To calculate the probability, let's use this equation:
Probability = (Number of possible cases where the sum after every 5 turns is even) / (Total # of possible outcomes)

The Total # of possible outcomes = \( 6^{100} \), because a dice has 6 possible outcomes per roll and we're rolling the dice 100 times.

To calculate N, the number of possible cases in which the sum after every 5 turns:
First, how many 5th turns are there in 100 rolls? There are 100/5=20.
Hence, since there are 3 evens and 3 odds in a dice:
\( N = (6\times6\times6\times6\times3)^{20}\)
\( N = 6^{80}\times3^{20} \)
So the Probability = \( \frac{6^{80}\times3^{20}}{6^{100}} = \frac{3^{20}}{6^{20}} = \frac{1}{2^{20}}\).

In short, all other rolls besides every 5th roll are not important, so we only have to count the important turns. Since every 5th roll should either be even or odd, the probability=1/2. For 100 rolls, there would be 20 5th turns, so the total probability=\(\frac{1}{2^{20}}\).

I hope this helps. Please let me know if you have any other questions!

Happy Learning,
The Daily Challenge Team

fabulousgrizzly

@minji Why did you multiply 6 four times followed by 3 - sorry I am quite dum and confused at the probability topic

debbie

@fabulousgrizzly I think minji meant that in a set of five rolls, it doesn't matter what the first four rolls are. It only matters what the parity (oddness or evenness) of the sum of the first four rolls is. See, if the sum of the first four rolls is even (e.g. \(1 + 2 + 3 +4 = 10),\) then we will want the fifth roll to be also even (e.g. \(10 + \text{even} = \text{even}\)), and if the sum of the first four rolls is odd (e.g. \(1 +2 + 3 + 3 = 9),\) then we will want the fifth roll to be odd as well (since \(9 + \text{odd} = \text{even}\)). So since we don't care what the first four numbers are, there are \(6\) choices for each of those, and since the last roll has to match the parity (oddness or evenness) of the running total, there are \(3\) choices for that number.
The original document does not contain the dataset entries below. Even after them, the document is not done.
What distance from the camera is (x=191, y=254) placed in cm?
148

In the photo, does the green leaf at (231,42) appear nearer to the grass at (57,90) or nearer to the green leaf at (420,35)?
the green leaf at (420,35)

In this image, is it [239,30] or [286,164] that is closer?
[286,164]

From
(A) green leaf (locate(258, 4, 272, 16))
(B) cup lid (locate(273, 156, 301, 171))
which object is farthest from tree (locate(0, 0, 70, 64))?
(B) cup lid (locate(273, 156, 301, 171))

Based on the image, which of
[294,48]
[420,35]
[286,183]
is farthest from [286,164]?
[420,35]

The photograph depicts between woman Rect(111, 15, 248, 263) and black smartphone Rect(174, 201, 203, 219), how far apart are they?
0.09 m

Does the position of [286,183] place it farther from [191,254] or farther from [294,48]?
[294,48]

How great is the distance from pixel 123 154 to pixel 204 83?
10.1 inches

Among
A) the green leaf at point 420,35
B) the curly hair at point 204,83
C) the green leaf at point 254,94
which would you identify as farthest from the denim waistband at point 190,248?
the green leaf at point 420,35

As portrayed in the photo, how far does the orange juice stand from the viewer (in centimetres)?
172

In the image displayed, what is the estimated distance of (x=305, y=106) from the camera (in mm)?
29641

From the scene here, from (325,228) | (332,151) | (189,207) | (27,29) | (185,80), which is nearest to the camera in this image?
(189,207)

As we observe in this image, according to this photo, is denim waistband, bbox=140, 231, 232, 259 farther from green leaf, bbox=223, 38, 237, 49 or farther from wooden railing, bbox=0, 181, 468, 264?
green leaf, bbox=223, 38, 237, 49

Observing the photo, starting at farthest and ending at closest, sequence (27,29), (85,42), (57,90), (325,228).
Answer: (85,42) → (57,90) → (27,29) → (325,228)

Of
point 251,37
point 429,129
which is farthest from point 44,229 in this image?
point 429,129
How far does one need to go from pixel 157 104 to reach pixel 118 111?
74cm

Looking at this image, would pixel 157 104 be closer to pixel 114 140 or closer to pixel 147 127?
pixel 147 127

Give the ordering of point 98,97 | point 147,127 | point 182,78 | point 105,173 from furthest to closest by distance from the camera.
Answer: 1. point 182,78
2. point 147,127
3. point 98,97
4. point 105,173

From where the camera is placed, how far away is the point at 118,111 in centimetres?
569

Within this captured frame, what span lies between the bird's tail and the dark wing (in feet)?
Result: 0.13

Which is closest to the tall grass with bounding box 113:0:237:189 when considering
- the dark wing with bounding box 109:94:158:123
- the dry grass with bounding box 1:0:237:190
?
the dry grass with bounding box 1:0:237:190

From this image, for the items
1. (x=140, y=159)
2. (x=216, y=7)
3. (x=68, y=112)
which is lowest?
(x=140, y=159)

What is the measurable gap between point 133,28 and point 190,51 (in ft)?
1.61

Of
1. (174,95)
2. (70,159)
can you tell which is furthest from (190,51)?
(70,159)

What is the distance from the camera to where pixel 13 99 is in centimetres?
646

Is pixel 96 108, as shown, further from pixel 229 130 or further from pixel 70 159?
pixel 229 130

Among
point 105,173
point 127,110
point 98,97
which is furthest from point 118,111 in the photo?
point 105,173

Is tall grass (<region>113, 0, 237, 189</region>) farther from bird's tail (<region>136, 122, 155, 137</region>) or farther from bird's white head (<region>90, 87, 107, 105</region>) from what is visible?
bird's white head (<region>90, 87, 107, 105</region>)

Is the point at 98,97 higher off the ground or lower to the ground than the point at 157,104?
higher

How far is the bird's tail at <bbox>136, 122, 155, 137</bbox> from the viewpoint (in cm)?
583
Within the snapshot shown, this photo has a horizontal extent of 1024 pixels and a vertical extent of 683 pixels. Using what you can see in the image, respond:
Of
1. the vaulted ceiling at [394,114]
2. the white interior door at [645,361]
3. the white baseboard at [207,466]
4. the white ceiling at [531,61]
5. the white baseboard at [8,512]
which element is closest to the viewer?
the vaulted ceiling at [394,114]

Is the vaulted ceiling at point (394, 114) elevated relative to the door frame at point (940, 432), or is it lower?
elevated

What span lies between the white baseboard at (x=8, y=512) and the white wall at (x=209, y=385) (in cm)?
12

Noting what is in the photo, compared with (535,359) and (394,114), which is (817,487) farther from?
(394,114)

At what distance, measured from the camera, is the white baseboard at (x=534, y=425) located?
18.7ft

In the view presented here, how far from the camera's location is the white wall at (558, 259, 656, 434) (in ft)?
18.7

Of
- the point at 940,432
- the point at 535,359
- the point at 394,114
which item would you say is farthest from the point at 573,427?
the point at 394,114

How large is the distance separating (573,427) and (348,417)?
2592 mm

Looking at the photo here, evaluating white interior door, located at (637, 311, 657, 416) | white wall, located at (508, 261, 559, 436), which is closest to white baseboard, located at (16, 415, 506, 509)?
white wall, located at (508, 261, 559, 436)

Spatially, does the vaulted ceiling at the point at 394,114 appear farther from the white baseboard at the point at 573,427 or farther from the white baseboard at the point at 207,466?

Actually, I have another way of solving this question!

Each dice has three odd numbers and three even numbers. The chance of getting an even is \(\frac{1}{2},\) and the chance of getting an odd is \(\frac{1}{2}.\) How about not worrying about what the numbers are, and only keeping track of whether the number on the dice is even or odd? Then, looking at a set of five consecutive rolls, we can describe this like this:

$$ EOEEO$$

Now, we want the sum of these five numbers to be even, so there are some cases:

• There are zero odds (\(O\))

• There are two odds (\(OO\))

• There are four odds (\(OOOO\))

How many ways are there for each case?

• If there are zero odds, there is \(1\) way (\(EEEEE\))

• If there are two odds, this is like choosing \(2\) spots out of \(5\) to declare to be odds, which has \(\binom{5}{2} = \frac{5 \times 4 }{2} = 10\) ways

• If there are four odds, this is like choosing \(4\) spots out of \(5\) to declare to be odds, or, more simply, like choosing \(1\) spot out of \(5\) to be even, so this is equal to \(\binom{5}{1} = 5\) ways

In all, there are \( 1 + 10 + 5 = 16\) ways to get an even sum after five consecutive rolls.

Now, the total number of ways is the ways to create a line of five letters like

$$ EOOEO$$

with no restriction. Each spot has \(2\) choices (\(E\) or \(O\),) so there are \(2 \times 2 \times 2 \times 2 \times 2 = 32\) ways total.

Thus the probability of getting an even sum after five consecutive rolls is equal to \(\frac{16}{32} = \frac{1}{2},\) which might also make sense if you just think about the fact that the parity of the sums should be balanced over even and odd!

Now we just need to stretch this to the case where we have \(100\) rolls. Well, if every five rolls has an even sum, then the total sum over \(100\) rolls should also be even! By the multiplicative rule, since we can do a set of five rolls \(20\) times, the probability overall is \(\boxed{\frac{1}{2}^{20}.}\)

I hope that made sense! This was a fun problem. I'm glad that you asked it!

vibrantvole 0

Sir, why is the answer 1/3,could you explain that to me, please?